» What you will do: Lines from the one containing "The View Condominium – photo 2" through the last one in the data below: write them out word for word, and only them.

» Supplied data:
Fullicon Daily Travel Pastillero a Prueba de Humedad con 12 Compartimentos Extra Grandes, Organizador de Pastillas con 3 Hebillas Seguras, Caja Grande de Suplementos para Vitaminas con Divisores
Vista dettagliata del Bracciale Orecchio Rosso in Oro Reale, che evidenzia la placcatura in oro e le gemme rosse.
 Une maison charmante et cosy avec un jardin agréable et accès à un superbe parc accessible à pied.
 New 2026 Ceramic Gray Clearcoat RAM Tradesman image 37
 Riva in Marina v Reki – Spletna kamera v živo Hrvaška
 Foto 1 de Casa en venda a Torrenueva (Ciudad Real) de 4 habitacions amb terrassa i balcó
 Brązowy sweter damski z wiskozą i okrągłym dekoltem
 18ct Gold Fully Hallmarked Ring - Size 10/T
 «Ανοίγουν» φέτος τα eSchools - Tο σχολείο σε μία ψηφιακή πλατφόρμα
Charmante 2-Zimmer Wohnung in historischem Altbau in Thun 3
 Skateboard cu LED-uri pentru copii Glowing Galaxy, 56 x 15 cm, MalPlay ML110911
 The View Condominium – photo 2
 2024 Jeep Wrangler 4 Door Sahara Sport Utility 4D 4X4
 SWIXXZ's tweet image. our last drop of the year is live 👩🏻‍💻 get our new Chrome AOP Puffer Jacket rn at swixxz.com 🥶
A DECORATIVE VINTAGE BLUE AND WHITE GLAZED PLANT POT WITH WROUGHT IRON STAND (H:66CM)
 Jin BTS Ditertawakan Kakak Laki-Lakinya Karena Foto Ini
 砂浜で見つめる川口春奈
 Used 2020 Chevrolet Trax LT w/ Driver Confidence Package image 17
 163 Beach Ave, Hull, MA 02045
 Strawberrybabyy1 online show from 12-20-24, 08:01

» Exercise response:
 The View Condominium – photo 2
 2024 Jeep Wrangler 4 Door Sahara Sport Utility 4D 4X4
 SWIXXZ's tweet image. our last drop of the year is live 👩🏻‍💻 get our new Chrome AOP Puffer Jacket rn at swixxz.com 🥶
A DECORATIVE VINTAGE BLUE AND WHITE GLAZED PLANT POT WITH WROUGHT IRON STAND (H:66CM)
 Jin BTS Ditertawakan Kakak Laki-Lakinya Karena Foto Ini
 砂浜で見つめる川口春奈
 Used 2020 Chevrolet Trax LT w/ Driver Confidence Package image 17
 163 Beach Ave, Hull, MA 02045
 Strawberrybabyy1 online show from 12-20-24, 08:01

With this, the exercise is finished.